Problem requirements » Set down the records again, keeping each line exactly as it is.

[Short web captions]

-- Opening Marker --

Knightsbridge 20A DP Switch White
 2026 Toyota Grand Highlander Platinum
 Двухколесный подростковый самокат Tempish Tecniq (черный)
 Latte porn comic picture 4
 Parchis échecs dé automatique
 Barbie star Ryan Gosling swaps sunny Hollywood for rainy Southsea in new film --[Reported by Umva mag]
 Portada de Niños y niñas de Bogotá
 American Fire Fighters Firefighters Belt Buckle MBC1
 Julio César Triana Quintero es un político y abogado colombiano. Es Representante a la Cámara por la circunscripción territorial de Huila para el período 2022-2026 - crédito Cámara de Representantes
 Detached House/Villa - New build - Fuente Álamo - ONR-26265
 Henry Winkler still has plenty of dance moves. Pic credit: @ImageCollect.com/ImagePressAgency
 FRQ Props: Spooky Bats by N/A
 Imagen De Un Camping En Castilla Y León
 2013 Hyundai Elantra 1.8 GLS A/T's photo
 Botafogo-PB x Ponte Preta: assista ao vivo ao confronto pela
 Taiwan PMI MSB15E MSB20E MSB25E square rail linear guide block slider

-- Closing Marker --

Solution to this problem »
Knightsbridge 20A DP Switch White
 2026 Toyota Grand Highlander Platinum
 Двухколесный подростковый самокат Tempish Tecniq (черный)
 Latte porn comic picture 4
 Parchis échecs dé automatique
 Barbie star Ryan Gosling swaps sunny Hollywood for rainy Southsea in new film --[Reported by Umva mag]
 Portada de Niños y niñas de Bogotá
 American Fire Fighters Firefighters Belt Buckle MBC1
 Julio César Triana Quintero es un político y abogado colombiano. Es Representante a la Cámara por la circunscripción territorial de Huila para el período 2022-2026 - crédito Cámara de Representantes
 Detached House/Villa - New build - Fuente Álamo - ONR-26265
 Henry Winkler still has plenty of dance moves. Pic credit: @ImageCollect.com/ImagePressAgency
 FRQ Props: Spooky Bats by N/A
 Imagen De Un Camping En Castilla Y León
 2013 Hyundai Elantra 1.8 GLS A/T's photo
 Botafogo-PB x Ponte Preta: assista ao vivo ao confronto pela
 Taiwan PMI MSB15E MSB20E MSB25E square rail linear guide block slider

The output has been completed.